◆ RECORDED INFORMATION:

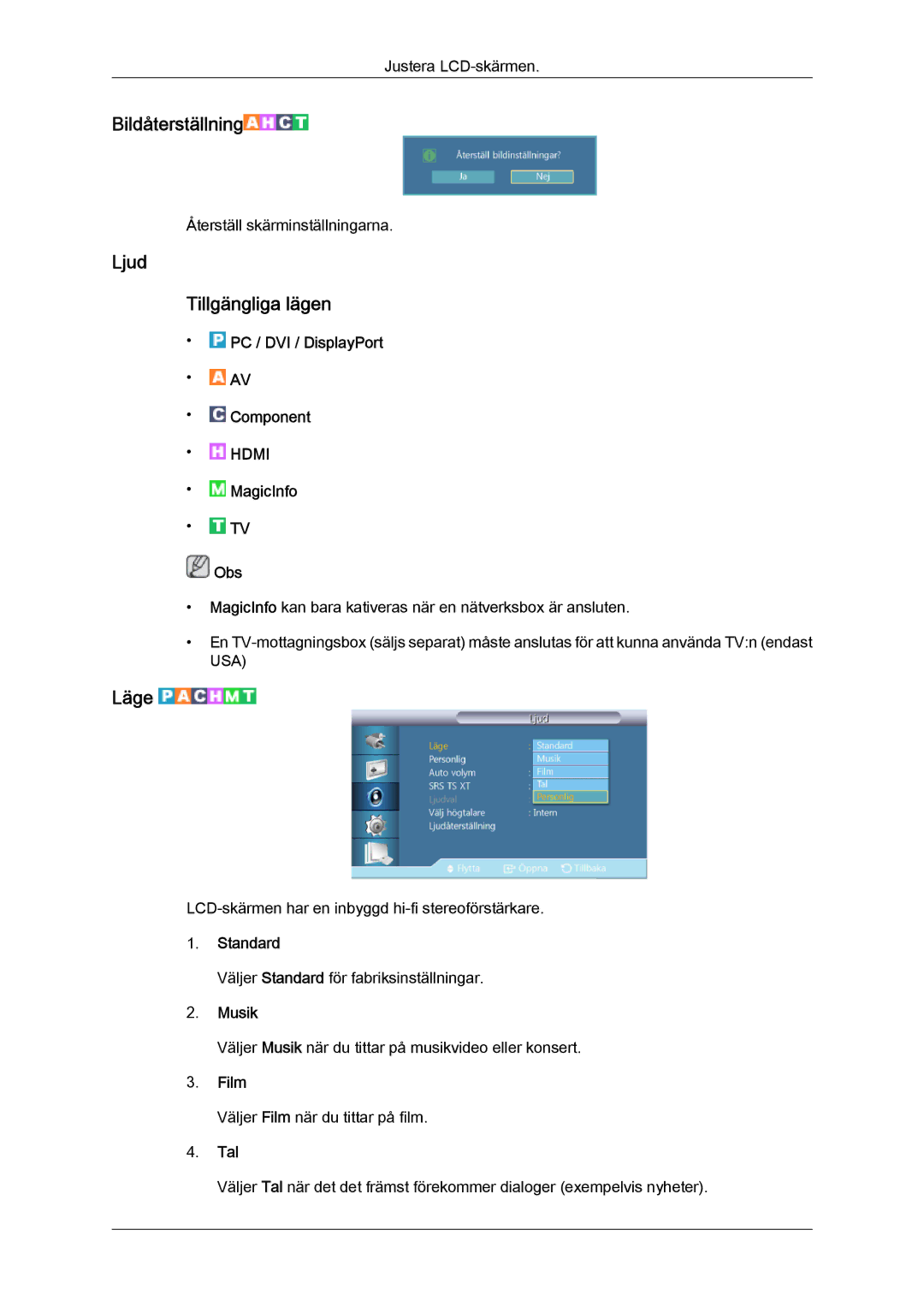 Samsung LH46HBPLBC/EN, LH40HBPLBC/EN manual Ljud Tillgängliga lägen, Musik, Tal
==
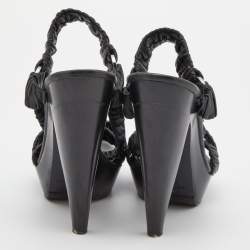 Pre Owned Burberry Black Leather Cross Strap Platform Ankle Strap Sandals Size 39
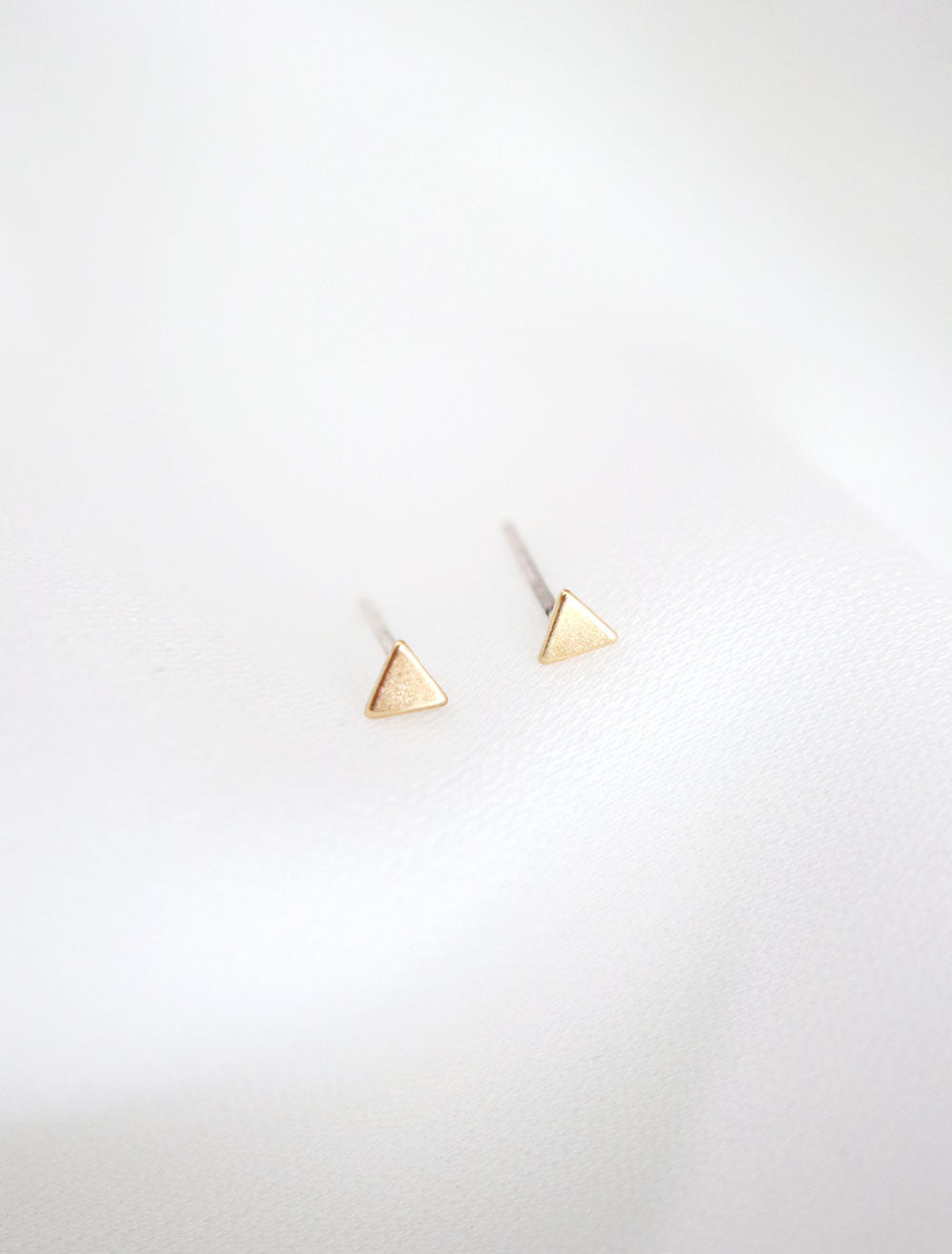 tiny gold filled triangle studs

◆ AIM OF THE TASK: For this exercise, set down the lines in the entries above from the one with "Pre Owned Burberry" through the one with "tiny gold filled triangle studs" exactly as written, without any pictures.

◆ RESPONSE BOX:
 Pre Owned Burberry Black Leather Cross Strap Platform Ankle Strap Sandals Size 39
 tiny gold filled triangle studs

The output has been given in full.